*Dataset entries*
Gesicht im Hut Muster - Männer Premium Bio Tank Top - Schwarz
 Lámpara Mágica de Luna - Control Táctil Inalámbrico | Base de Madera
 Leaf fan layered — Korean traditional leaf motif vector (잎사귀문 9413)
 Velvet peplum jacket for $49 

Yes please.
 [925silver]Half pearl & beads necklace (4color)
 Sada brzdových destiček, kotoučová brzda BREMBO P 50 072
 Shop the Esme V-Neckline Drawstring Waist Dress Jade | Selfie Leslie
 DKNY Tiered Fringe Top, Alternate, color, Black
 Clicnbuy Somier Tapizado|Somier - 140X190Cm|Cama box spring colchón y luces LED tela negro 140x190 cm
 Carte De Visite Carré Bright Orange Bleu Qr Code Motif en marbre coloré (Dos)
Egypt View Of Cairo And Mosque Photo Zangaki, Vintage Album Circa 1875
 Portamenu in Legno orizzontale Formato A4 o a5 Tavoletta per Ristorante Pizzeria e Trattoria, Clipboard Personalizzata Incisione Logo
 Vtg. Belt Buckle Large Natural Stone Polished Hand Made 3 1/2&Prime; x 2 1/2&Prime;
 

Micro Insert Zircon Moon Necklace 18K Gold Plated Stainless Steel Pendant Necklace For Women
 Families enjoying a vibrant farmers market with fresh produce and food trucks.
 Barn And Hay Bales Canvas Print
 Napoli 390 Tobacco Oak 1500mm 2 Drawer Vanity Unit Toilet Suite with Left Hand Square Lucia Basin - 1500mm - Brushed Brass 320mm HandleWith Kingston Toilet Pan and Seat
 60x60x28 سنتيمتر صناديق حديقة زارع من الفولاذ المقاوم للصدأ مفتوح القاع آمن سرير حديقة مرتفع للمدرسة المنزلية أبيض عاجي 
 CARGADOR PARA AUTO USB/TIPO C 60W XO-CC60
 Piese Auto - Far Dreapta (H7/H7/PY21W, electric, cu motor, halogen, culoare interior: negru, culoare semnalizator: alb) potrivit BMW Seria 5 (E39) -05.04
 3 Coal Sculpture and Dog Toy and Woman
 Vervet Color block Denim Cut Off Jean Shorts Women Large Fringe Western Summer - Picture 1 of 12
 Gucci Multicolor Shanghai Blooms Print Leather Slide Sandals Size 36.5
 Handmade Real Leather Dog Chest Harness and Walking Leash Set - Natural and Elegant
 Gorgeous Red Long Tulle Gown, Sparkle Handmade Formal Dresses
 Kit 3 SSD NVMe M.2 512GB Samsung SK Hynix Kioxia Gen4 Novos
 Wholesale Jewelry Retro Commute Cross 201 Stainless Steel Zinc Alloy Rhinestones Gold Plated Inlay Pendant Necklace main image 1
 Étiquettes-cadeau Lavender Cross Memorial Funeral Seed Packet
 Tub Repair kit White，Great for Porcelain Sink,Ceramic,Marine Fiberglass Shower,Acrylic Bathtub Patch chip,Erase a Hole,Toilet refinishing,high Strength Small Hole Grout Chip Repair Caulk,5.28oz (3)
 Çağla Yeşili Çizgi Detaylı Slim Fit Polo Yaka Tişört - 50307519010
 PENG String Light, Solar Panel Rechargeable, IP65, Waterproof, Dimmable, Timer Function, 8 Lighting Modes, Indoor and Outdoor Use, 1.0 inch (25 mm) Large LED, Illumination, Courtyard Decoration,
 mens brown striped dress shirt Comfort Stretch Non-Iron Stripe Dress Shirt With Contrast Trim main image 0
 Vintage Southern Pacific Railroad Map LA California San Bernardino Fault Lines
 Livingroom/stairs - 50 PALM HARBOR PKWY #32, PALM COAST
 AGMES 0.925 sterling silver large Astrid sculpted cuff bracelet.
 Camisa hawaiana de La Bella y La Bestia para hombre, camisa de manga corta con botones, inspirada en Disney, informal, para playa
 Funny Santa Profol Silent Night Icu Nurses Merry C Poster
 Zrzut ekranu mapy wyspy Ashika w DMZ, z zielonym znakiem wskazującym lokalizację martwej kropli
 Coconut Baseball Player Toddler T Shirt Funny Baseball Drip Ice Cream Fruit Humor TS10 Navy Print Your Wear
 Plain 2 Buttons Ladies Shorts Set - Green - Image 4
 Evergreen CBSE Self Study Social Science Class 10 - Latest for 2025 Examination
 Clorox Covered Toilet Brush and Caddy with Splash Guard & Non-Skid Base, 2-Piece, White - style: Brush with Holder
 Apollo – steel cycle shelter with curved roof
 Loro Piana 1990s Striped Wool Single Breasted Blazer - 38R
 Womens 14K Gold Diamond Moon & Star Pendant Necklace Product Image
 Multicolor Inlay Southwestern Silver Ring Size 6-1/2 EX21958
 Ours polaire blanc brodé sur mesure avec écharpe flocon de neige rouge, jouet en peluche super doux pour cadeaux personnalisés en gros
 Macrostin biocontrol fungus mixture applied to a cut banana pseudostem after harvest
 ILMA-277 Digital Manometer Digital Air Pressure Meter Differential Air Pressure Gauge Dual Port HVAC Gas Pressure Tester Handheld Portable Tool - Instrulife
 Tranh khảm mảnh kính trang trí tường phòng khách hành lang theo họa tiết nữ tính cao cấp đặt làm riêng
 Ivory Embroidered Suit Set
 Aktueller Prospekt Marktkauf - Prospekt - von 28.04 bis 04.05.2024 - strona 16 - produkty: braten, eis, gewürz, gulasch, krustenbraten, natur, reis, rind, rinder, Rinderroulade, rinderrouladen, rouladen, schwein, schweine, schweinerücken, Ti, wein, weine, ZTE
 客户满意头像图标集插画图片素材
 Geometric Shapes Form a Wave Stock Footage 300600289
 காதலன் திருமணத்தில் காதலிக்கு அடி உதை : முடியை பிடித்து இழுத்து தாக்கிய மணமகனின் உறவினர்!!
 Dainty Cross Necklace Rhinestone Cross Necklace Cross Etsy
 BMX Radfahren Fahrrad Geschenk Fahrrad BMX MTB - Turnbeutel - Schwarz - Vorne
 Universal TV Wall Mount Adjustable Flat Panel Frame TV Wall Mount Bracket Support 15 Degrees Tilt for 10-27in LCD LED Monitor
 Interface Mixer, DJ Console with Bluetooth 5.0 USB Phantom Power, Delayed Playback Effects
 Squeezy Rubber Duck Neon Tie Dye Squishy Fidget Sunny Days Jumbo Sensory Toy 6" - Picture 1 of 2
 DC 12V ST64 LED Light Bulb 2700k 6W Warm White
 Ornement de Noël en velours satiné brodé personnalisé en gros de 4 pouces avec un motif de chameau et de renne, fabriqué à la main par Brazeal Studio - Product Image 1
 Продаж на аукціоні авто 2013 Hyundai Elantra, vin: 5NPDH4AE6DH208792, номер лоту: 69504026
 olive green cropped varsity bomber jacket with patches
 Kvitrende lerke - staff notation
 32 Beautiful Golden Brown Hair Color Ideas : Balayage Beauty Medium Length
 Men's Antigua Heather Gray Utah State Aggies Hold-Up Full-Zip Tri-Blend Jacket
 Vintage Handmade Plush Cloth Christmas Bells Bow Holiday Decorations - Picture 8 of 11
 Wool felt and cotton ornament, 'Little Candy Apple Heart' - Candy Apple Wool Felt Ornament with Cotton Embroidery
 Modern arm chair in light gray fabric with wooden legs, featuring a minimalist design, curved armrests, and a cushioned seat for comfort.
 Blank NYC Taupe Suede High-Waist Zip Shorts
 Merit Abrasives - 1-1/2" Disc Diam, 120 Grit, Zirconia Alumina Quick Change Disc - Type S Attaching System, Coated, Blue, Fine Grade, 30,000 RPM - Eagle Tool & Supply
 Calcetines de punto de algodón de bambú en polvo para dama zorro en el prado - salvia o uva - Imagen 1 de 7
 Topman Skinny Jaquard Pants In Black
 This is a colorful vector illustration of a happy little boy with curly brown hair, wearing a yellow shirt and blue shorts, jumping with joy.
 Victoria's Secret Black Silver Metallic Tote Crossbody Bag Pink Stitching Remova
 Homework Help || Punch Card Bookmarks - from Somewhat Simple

*Task details*
Whenever the word "White" shows up in a line of the entries above, copy that line.

*Exercise solution*
 Tub Repair kit White，Great for Porcelain Sink,Ceramic,Marine Fiberglass Shower,Acrylic Bathtub Patch chip,Erase a Hole,Toilet refinishing,high Strength Small Hole Grout Chip Repair Caulk,5.28oz (3)
 Clorox Covered Toilet Brush and Caddy with Splash Guard & Non-Skid Base, 2-Piece, White - style: Brush with Holder
 DC 12V ST64 LED Light Bulb 2700k 6W Warm White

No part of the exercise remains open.